Aujourd’hui, le galuchat est à nouveau prisé pour le mobilier, la maroquinerie et la haute joaillerie.

Faits d’histoire

Japon / VIIIème –  Il semble que ce soit les japonais qui aient utilisé les premiers ce matériau que nous appelons “galuchat”. Ils l’utilisent alors fréquemment pour le gainage des poignées et du fourreau des sabres, ainsi que sur les “inros”, petites boîtes à médicaments, et autres petits objets du quotidien.

France et Europe / XVIIIème – Jean Claude Galluchat, maître gainier de Louis XV et de Madame de Pompadour, travaille de nouveau cette matière. Il l’utilise pour habiller de petits écrins et objets précieux très en vogue et lui donne son nom.

France et Europe / 1920 – Arts Déco.
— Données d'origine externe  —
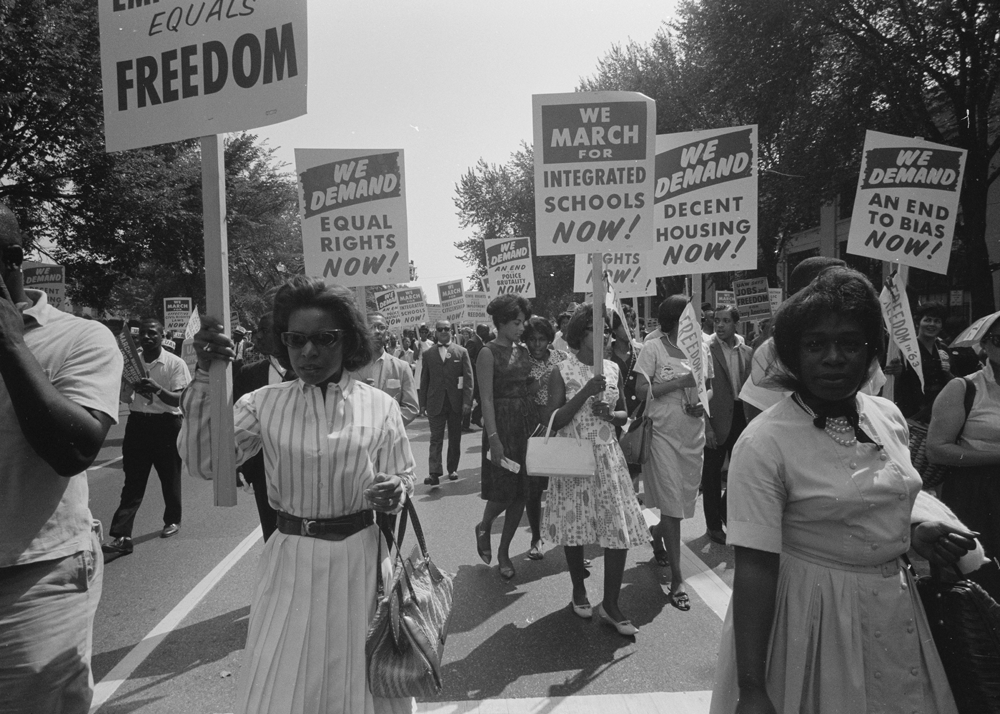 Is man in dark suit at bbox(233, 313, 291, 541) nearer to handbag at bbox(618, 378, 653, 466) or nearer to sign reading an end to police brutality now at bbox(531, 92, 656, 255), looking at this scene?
sign reading an end to police brutality now at bbox(531, 92, 656, 255)

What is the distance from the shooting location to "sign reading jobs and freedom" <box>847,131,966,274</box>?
6469 mm

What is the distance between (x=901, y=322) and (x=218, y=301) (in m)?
4.96

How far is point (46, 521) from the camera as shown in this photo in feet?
7.10

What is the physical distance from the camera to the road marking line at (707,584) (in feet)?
16.2

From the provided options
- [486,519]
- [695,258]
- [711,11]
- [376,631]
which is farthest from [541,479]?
[711,11]

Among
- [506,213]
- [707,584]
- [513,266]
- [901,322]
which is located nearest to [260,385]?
[707,584]

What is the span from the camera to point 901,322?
565cm

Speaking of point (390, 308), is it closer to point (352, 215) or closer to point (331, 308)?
point (352, 215)

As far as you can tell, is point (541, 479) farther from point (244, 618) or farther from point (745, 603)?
point (745, 603)

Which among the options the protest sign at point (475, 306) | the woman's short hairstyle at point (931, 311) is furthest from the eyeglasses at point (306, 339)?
the protest sign at point (475, 306)

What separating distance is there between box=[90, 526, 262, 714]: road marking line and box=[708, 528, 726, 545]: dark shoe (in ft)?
13.0

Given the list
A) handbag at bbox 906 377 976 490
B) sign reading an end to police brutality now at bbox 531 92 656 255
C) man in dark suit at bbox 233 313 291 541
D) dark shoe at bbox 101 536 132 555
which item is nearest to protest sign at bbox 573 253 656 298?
sign reading an end to police brutality now at bbox 531 92 656 255

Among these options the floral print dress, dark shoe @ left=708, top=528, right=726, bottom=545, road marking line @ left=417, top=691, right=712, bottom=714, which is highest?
the floral print dress

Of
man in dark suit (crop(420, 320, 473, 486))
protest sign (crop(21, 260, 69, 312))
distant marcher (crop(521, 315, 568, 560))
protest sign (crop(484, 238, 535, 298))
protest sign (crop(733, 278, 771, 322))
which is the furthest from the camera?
protest sign (crop(21, 260, 69, 312)) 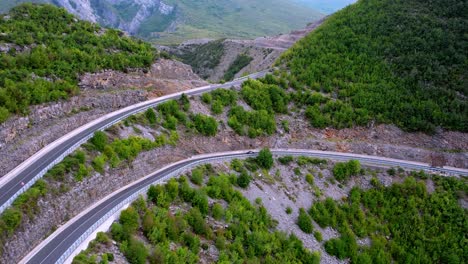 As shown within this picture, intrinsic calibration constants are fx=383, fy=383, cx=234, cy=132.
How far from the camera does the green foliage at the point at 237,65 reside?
344ft

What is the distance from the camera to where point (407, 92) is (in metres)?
61.8

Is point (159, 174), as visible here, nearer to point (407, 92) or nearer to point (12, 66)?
point (12, 66)

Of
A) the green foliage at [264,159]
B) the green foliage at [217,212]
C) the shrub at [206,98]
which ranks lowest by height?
the green foliage at [264,159]

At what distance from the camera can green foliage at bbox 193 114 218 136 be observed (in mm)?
46719

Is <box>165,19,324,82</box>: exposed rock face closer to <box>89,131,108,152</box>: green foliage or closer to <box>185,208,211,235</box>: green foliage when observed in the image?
<box>89,131,108,152</box>: green foliage

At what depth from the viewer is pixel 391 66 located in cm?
6644

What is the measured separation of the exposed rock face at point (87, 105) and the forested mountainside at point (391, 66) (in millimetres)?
20544

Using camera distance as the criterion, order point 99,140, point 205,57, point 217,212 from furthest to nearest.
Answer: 1. point 205,57
2. point 99,140
3. point 217,212

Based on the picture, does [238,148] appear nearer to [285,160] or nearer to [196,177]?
[285,160]

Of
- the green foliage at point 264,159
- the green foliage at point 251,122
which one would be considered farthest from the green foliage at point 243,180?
the green foliage at point 251,122

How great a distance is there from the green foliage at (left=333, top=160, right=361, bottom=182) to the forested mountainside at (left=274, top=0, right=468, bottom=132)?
8749mm

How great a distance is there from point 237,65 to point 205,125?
2573 inches

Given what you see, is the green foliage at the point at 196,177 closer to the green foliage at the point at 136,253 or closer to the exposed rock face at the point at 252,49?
the green foliage at the point at 136,253

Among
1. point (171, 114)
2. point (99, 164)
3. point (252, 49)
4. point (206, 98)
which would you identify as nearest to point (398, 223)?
point (206, 98) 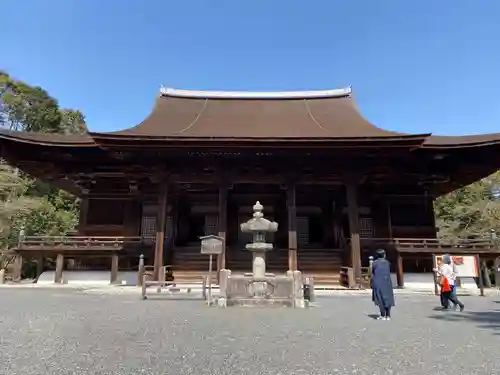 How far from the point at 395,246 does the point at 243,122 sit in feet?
30.6

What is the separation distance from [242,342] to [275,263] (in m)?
10.9

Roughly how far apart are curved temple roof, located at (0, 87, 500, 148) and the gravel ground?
7043 millimetres

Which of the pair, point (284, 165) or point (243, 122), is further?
point (243, 122)

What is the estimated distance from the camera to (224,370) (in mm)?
3539

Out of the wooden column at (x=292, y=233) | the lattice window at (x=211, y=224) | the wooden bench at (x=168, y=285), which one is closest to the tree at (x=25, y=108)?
the lattice window at (x=211, y=224)

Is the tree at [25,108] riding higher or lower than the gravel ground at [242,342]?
higher

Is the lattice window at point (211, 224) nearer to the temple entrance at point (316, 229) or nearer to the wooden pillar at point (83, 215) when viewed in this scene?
the temple entrance at point (316, 229)

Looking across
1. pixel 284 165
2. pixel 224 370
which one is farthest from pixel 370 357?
pixel 284 165

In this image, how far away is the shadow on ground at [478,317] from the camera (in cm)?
651

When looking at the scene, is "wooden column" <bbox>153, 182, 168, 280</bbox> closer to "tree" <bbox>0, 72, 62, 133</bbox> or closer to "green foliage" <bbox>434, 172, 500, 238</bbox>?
"green foliage" <bbox>434, 172, 500, 238</bbox>

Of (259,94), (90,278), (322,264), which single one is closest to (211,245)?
(322,264)

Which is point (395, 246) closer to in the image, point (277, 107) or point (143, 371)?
point (277, 107)

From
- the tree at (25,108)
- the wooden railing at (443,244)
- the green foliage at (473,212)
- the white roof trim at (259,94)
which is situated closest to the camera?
the wooden railing at (443,244)

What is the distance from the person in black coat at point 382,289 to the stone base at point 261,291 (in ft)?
7.41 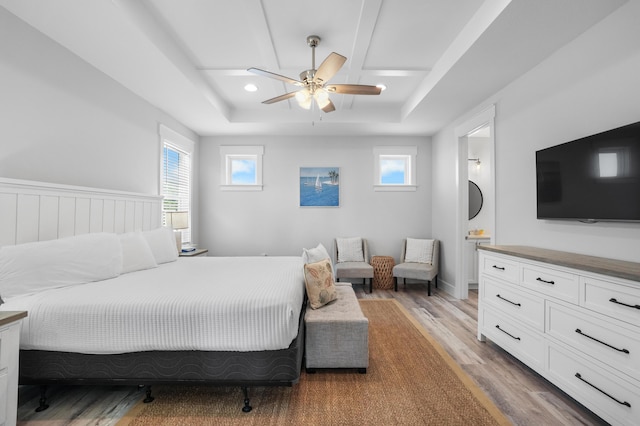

Oublié au XIXème, le galuchat resurgit dans les arts décoratif en 1920. Les meubles signés des grands créateurs et ébénistes Art Déco comme Paul Iribe, Clément Rousseau, André Groult ou Jules Leleu, ont mis en valeur ce matériau exotique.

France et Europe / 1985 – On redécouvre le galuchat notamment grâce à l’ébéniste Jérôme Cordié. Il en développe et en perfectionne la technique pour l’ameublement et la maroquinerie.